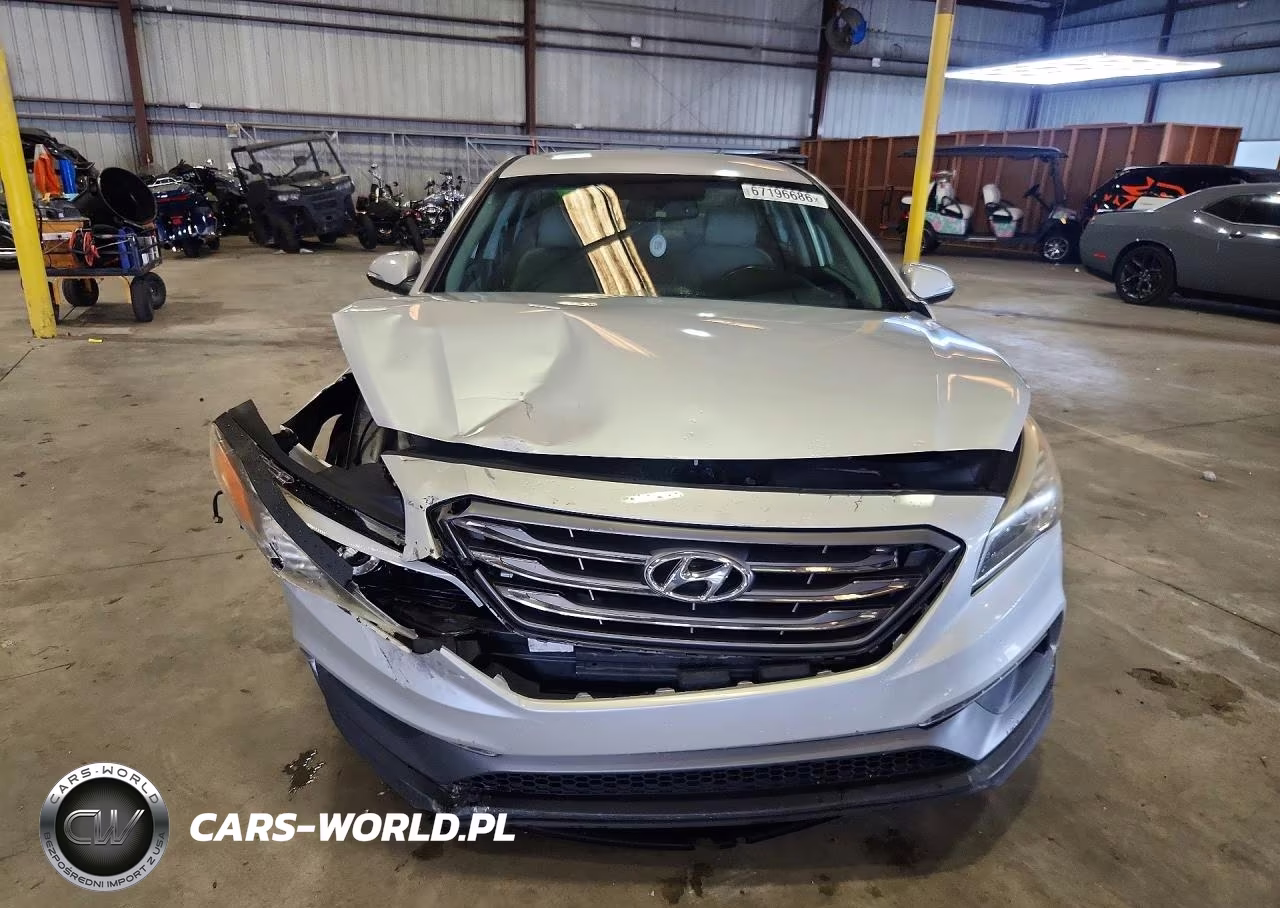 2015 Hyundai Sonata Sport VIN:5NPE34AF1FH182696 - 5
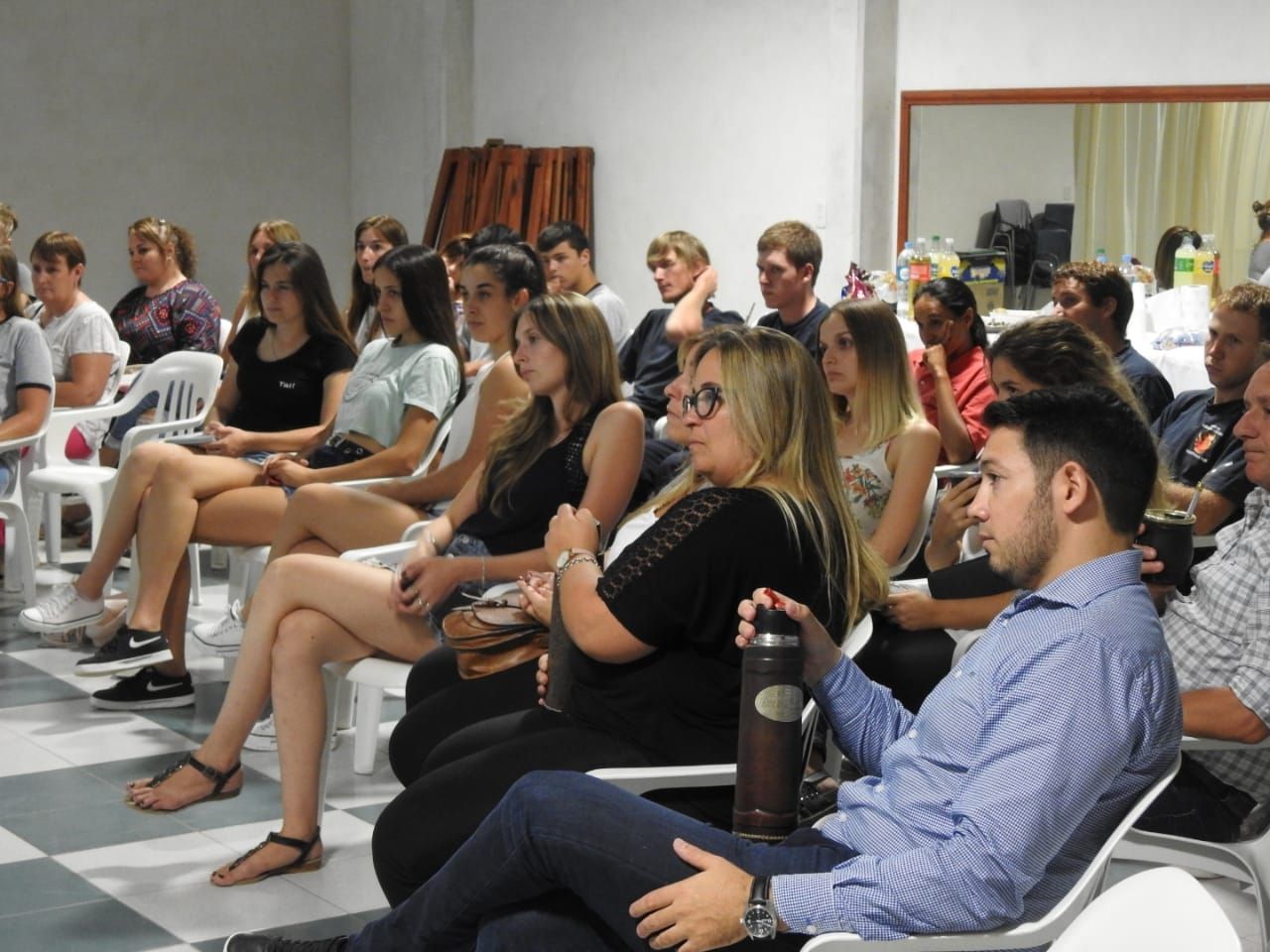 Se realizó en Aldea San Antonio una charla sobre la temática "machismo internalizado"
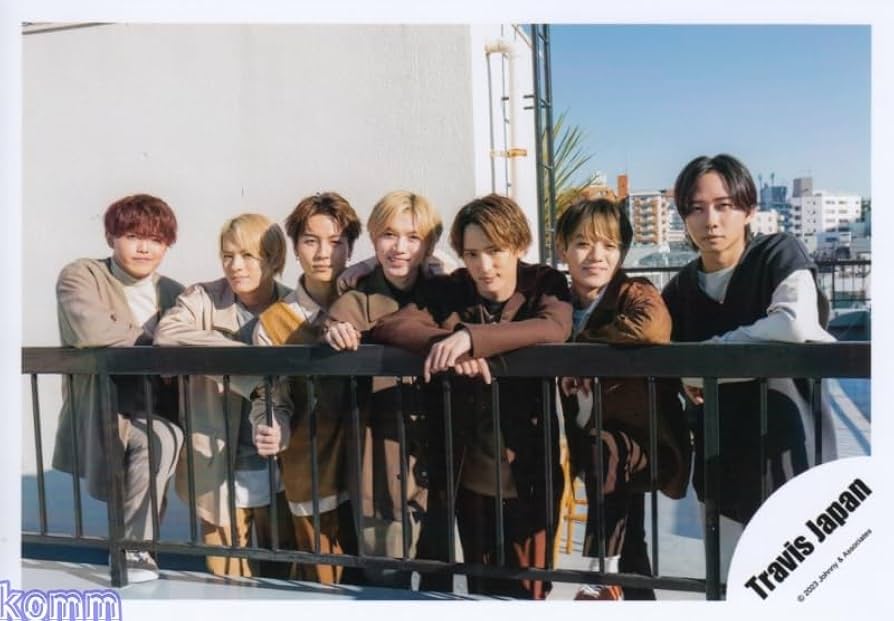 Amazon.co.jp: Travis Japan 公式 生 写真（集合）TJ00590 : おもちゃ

= EXERCISE =
Give the listing above again in its entirety, exactly as written and free of images.

= ANSWER AREA =
 2015 Hyundai Sonata Sport VIN:5NPE34AF1FH182696 - 5
 Se realizó en Aldea San Antonio una charla sobre la temática "machismo internalizado"
 Amazon.co.jp: Travis Japan 公式 生 写真（集合）TJ00590 : おもちゃ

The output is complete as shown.